Отдельно стоит сказать об еще одном фрейдистком символе романа, не единожды упоминаемом на его страницах – фаллическом символе башни Почтампта. Приведу две цитаты:
«(Фрэнсис – Брэдли о его отношениях с Арнольдом):
— Вы оба подсознательно добиваетесь перелома в ваших отношениях. Почему вам снятся кошмары про пустые магазины, почему вас преследует образ башни Почтамта, почему вы так чувствительны к запахам?..
— Это Присцилле снятся пустые магазины, а у меня они забиты до отказа…
— Ага! Вот видите?
— А образ башни Почтамта преследует каждого лондонца, и…
— Неужели вы никогда не осознавали своей подавленной гомосексуальности?»

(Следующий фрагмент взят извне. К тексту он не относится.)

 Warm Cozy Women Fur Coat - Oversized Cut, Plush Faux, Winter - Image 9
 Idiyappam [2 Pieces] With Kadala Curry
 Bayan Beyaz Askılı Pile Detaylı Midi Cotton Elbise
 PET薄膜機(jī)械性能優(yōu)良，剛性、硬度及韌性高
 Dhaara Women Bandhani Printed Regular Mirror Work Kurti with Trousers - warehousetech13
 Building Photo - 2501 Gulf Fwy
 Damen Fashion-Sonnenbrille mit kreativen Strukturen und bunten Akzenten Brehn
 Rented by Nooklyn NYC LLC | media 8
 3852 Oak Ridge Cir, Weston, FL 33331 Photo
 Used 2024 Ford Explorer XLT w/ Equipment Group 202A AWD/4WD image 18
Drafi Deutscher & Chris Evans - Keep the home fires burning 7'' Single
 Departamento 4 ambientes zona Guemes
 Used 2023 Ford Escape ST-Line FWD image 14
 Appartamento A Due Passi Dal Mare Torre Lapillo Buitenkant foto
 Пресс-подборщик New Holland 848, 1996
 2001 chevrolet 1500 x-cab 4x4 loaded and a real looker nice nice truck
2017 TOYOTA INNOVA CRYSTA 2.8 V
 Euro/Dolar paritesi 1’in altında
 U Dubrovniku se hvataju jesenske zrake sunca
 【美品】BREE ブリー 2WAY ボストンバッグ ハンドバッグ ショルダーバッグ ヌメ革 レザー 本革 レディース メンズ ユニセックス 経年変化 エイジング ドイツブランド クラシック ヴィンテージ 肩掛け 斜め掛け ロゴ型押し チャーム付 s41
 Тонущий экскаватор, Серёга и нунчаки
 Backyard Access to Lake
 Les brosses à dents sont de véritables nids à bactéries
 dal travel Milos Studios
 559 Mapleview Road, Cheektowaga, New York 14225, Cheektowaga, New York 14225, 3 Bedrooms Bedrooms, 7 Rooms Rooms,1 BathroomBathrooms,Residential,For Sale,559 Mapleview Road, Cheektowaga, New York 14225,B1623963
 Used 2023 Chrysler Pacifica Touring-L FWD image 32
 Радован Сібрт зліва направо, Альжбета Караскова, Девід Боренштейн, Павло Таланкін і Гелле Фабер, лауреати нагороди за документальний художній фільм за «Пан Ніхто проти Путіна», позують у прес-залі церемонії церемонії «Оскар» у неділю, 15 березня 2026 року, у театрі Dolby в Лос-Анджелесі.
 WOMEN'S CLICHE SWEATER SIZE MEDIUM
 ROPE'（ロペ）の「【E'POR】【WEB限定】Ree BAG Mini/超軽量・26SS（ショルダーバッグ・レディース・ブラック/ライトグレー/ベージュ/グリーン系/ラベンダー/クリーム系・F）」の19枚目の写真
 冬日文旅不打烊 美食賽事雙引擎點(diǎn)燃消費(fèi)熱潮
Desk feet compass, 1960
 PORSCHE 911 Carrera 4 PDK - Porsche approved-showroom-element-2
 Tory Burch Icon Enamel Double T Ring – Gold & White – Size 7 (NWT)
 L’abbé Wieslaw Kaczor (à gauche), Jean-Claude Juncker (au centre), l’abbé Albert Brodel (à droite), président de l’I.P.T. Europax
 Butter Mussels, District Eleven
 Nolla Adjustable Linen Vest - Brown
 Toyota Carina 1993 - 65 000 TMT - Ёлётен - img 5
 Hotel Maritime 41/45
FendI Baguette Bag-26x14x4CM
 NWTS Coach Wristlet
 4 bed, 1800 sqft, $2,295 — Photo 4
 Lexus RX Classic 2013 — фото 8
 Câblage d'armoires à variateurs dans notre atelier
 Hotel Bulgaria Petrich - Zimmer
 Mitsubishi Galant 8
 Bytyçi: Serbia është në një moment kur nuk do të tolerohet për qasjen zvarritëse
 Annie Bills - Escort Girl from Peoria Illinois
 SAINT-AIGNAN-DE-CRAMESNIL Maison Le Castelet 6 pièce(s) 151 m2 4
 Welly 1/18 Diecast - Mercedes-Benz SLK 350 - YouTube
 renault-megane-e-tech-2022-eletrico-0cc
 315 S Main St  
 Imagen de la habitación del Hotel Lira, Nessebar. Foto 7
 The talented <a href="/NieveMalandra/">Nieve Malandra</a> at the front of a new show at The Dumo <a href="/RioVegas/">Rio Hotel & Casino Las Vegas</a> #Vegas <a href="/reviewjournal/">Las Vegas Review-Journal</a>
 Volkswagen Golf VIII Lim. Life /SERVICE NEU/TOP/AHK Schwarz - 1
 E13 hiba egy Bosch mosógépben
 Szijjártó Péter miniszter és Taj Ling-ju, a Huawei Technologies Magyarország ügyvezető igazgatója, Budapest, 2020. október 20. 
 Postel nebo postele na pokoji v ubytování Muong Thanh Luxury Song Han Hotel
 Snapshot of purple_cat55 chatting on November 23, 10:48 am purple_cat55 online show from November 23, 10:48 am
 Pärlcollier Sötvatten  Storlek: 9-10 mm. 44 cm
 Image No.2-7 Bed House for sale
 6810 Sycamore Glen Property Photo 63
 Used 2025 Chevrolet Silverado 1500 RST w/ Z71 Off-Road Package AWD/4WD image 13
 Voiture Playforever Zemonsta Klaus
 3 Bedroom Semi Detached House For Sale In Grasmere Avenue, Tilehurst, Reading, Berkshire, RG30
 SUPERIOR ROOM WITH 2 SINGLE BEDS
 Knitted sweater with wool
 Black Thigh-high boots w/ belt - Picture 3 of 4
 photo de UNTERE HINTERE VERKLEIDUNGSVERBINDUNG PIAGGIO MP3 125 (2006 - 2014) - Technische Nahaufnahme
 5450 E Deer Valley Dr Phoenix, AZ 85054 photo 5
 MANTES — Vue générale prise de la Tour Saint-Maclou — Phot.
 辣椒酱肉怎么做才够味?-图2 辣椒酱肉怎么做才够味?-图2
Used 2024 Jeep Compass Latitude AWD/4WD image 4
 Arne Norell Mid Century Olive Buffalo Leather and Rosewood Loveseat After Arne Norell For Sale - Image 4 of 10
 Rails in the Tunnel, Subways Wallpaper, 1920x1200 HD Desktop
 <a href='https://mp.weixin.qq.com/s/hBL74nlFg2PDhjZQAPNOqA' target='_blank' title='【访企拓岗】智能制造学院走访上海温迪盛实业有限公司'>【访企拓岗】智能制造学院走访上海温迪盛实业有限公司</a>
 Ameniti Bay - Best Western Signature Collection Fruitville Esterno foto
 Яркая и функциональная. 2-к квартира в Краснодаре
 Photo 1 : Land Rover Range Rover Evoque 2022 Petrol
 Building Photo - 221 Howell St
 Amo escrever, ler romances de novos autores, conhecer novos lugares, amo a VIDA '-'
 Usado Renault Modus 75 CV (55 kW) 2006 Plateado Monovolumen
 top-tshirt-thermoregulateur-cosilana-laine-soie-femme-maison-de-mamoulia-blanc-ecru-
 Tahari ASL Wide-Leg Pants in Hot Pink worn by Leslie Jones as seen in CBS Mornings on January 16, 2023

«Мы прошли несколько шагов и остановились перед оранжевой телефонной будкой. Джулиан снова стала оживленной и по-мальчишески задорной. Она тоже явно испытывала облегчение. Над нею, сзади, высилась башня Почтамта, и я словно сам был в этой вышине — так отчетливо, так близко мне видны были все ее сверкающие металлические части. Я чувствовал себя высоким и прямым — до того хорошо было вдруг вырваться из дома, прочь от Присциллиных красных глаз и тусклых волос, и очутиться на минуту рядом с кем-то, кто молод, красив, не испорчен и не растрачен, с кем-то, у кого есть будущее».
По-моему, очень показательные отрывки. Такова вся художественная реальность «черного принца» - в устах обывателей и пошляков все перевирается, приобретает похабный оттенок, а перед лицом Любви даже фрейдисткий символ вопиет о молодости и радости.